Обещание жить | страница 66



Да не от этого оно саднит! И не потому даже, что лейтенант Фуки с молчаливого согласия взводного наладил его от девок, не нужны ему девки, как они нужны, видать, Фуки и Макееву. Обидно, конечно, что Фуки бесцеремонно обошелся с ним, да что ж попишешь: субординация; положено так, обиду проглотит и забудет. Саднит сердце оттого, что одинок Харитон Друщенков, никого на белом свете из родных и близких, круглый сирота. Ну а где же видано, чтоб сироты веселились?

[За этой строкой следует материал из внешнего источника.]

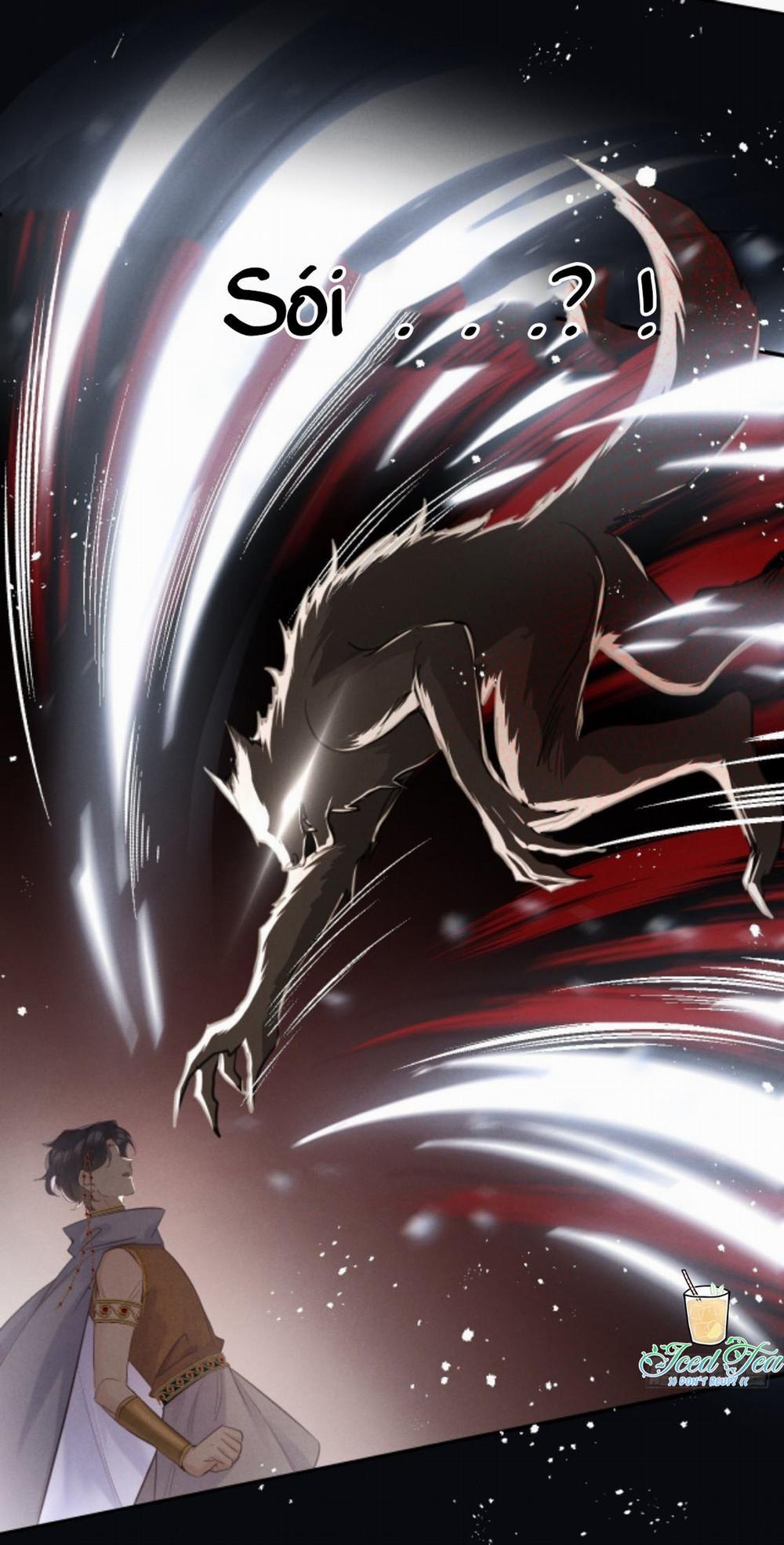 Lang Sói Thượng Khẩu 9.2 trang 19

Это вот лейтенант Фуки веселится. Который не цыган, а хозар. От этого, по совести, не легче. От этого не меняется мое отношение к нему. Он платит взаимностью. В армии, повторяю, субординация, в гражданке б потягался. Не стал бы козырять, произносить: «Слушаюсь!» и «Так точно!». Другое бы произнес. Доживу — произнесу.

Доживет ли? Никому это неведомо. Доживет — тогда надо будет начинать жизнь сначала. И тогда у него будут, наверное, проблемы посущественней, чем выяснять отношения с Фуки. Предстоит заново строить свою жизнь, свою судьбу. Как сложится после Моти, после жены? Новая жена будет? Новая, после Моти, расстрелянной карателями? Расстреляны из автоматов и мать, и сестренка, и брат-последыш. Покарать бы тех карателей! Для чего ж у него в руках автомат? Для страшной кары. В бою.

Вот он в мыслях и приблизился к тому, что ему нужно — к бою. Разумному, нормальному человеку вряд ли свойственно желать, чтобы бой наступил поскорей. Бой, где убивают и где, следовательно, могут убить и тебя. Но разве он нормальный человек с того дня, когда получил сообщение из райисполкома о гибели родных и всей Ивантеевки?

Ненормальный, в бою он чувствует себя нормально. А в обороне, на марше, на привале томится бездействием, время для него как бы останавливается. Оно движется, когда он действует, то есть воюет, то есть мстит. Воевать и мстить — его долг. За все. В том числе и за то, что он на белом свете один как перст. Людей вокруг много, а он один. Может, сам виноват в этом, но один на один со своим горем.

На палочку Друщенкова поглядывал и Ротный. Поза его была неудобная — одна нога на земле, вторая на пне, — однако он не менял ее, посасывал папиросу, приглаживал хохолок на затылке, и ему казалось, что мысли нанизываются на эту палочку, как шашлык на шампур. Сравнение, конечно, дикое, если учесть к тому же, что думал он не о Друщенкове и его палочке. О себе думал, и это были непривычные мысли. Они возникли еще, когда он возвращался просекой с полкового совещания. Просека, усыпанная палыми прошлогодними листьями и хвоинками, стлалась под подошвы, ротные командиры из его батальона шагали кучкой, пересмеивались, вспоминая, как командир полка припечатал начштаба: последнего в полку недолюбливали за грубость, за бестактность и еще за то, что трофейщик, барахлишком разживается в батальонах. Одобряли полковника: выдал майору по закону. Злословили: привык майор других песочить, испытай-ка это на себе, милок.